## EXERCISE DIRECTIONS
When copying the records below, keep every word as it is and drop the images.
=== RECORD EXCERPTS ===
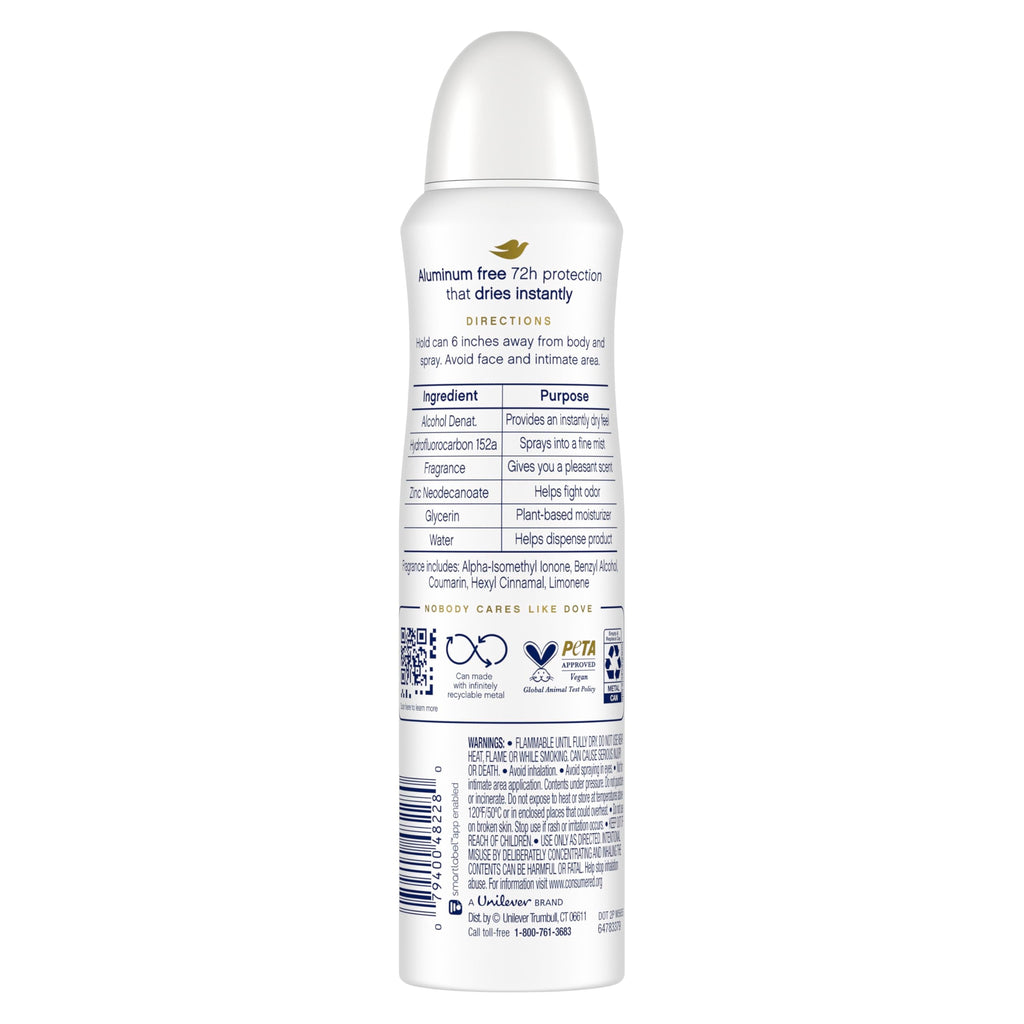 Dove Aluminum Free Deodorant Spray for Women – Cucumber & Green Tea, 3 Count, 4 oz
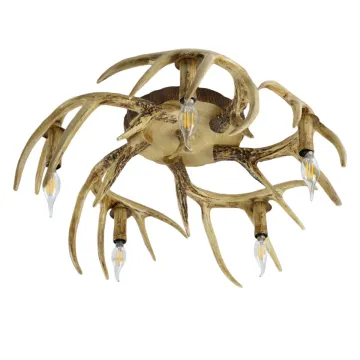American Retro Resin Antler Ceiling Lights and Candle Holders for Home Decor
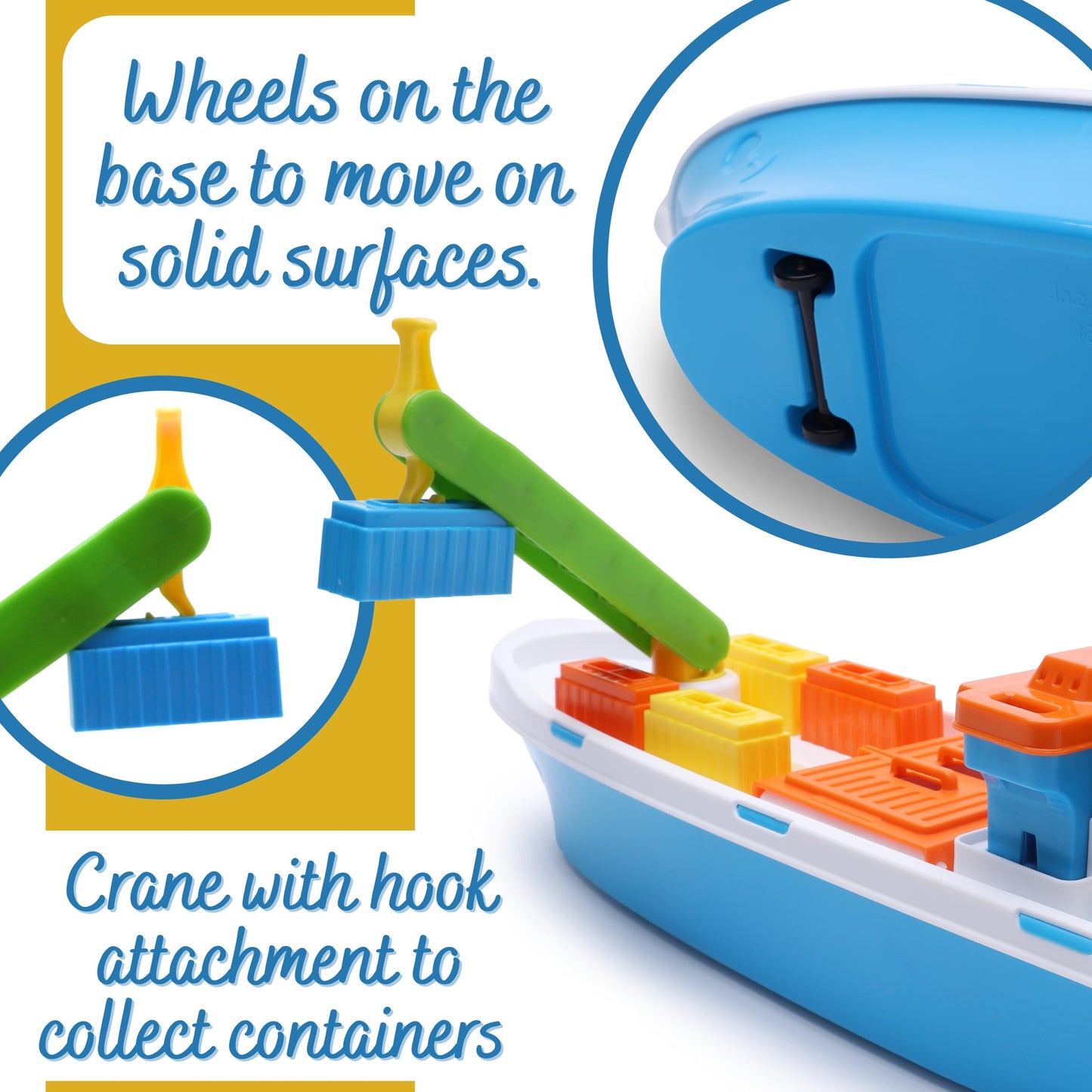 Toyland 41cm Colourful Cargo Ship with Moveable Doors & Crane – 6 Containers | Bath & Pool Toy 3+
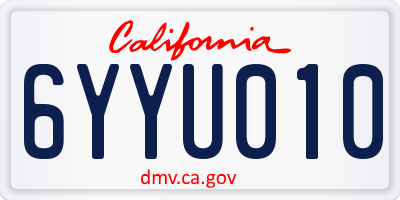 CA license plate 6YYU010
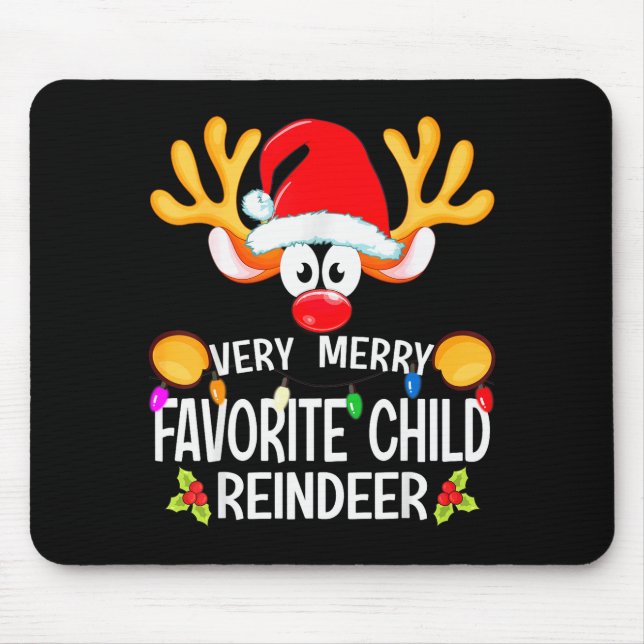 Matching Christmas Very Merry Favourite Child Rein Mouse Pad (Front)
===
## SOLUTION FOR THIS TASK
 Dove Aluminum Free Deodorant Spray for Women – Cucumber & Green Tea, 3 Count, 4 oz
American Retro Resin Antler Ceiling Lights and Candle Holders for Home Decor
 Toyland 41cm Colourful Cargo Ship with Moveable Doors & Crane – 6 Containers | Bath & Pool Toy 3+
 CA license plate 6YYU010
 Matching Christmas Very Merry Favourite Child Rein Mouse Pad (Front)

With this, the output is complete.